Throughout The Second Treatise, Locke turns to a motif of framing a house as a simile that represents the establishment of government—a clever pun, given that "to frame" also means to conceive of an idea or plan (for instance, the group that met to draft the constitution of the United States is also known as the "framers" of the constitution).

In Chapter 16, Locke uses this simile to explain away the idea that "conquest" could be a valid way of establishing a government:

THOUGH governments can originally have no other rise than that before mentioned, nor polities be founded on any thing but the consent of the people; […] many have mistaken the force of arms for the consent of the people, and reckon conquest as one of the originals of government. But conquest is as far from setting up any government, as demolishing a house is from building a new one in the place. Indeed, it often makes way for a new frame of a common-wealth, by destroying the former; but, without the consent of the people, can never erect a new one.
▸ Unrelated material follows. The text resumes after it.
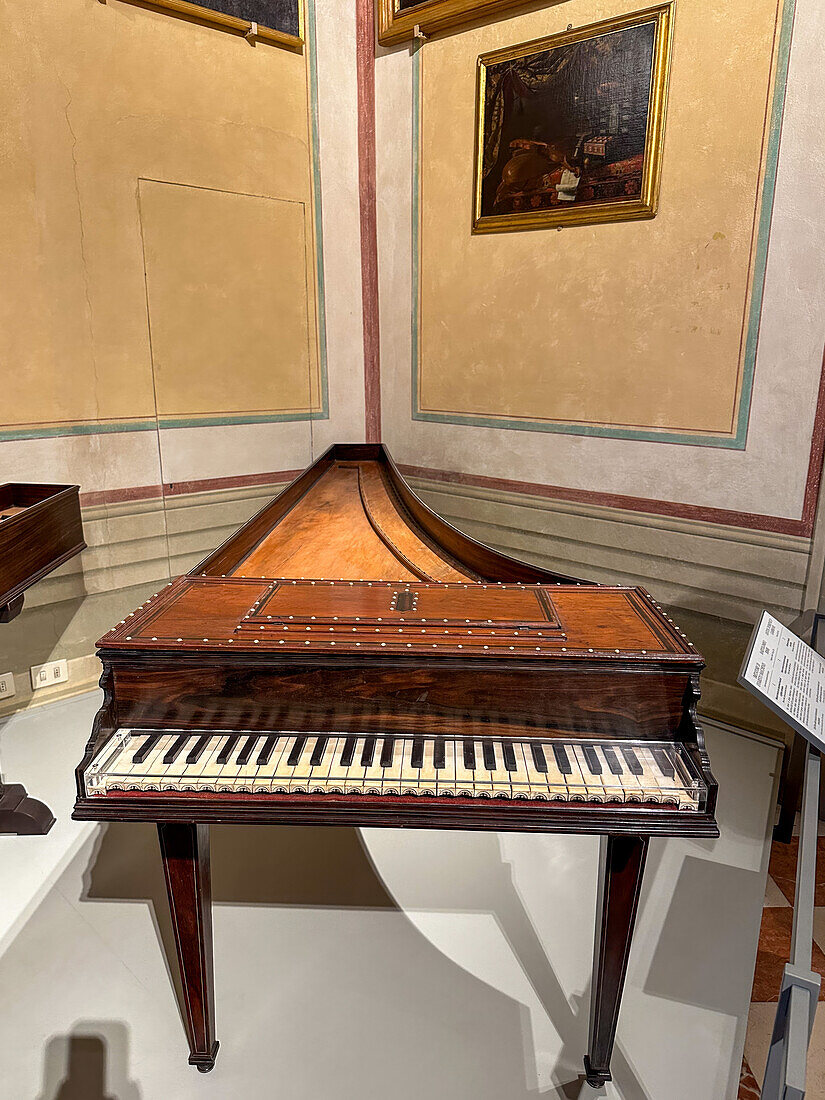 Ein originales Cembalo aus Ebenholz von Bartolomeo Cristifori in der Accademia-Galerie in Florenz, Italien. Etwa Ende des 16. Jahrhunderts.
By using these terms, Locke makes clear the futility of destruction as an act of nation-building: a government is like a house, and you can't build a new house just by demolishing the old one. And the only way to establish a "new frame" for the new house is to get together and build one, just like a new government will require the full consent of the people especially in the aftermath of an old system's collapse.

In Chapter 19, Locke turns to this comparison once more:

The world is too well instructed in, and too forward to allow of, this way of dissolving of governments, to need any more to be said of it; and there wants not much argument to prove, that where the society is dissolved, the government cannot remain; that being as impossible, as for the frame of an house to subsist when the materials of it are scattered and dissipated by a whirl-wind, or jumbled into a confused heap by an earthquake.

In this passage, Locke emphasizes the importance of a functioning society in supporting a government. This time, he compares a government standing alone without a society to support it to the frame of a house standing after a storm when the rest of the house—walls, roof, floors, furniture—has been ripped away by some storm or natural disaster. A frame cannot survive in these conditions, and likewise a government cannot persist without a surrounding society. (Locke also insists that the inverse is true: a society will not last long without a government).

Throughout the Second Treatise, Locke examines the family—as a microcosm for the structure of government. Through the motif of the house and its frame explored above, Locke continues this strain of analogy by exploring the dynamics not of the household but of a literal "house."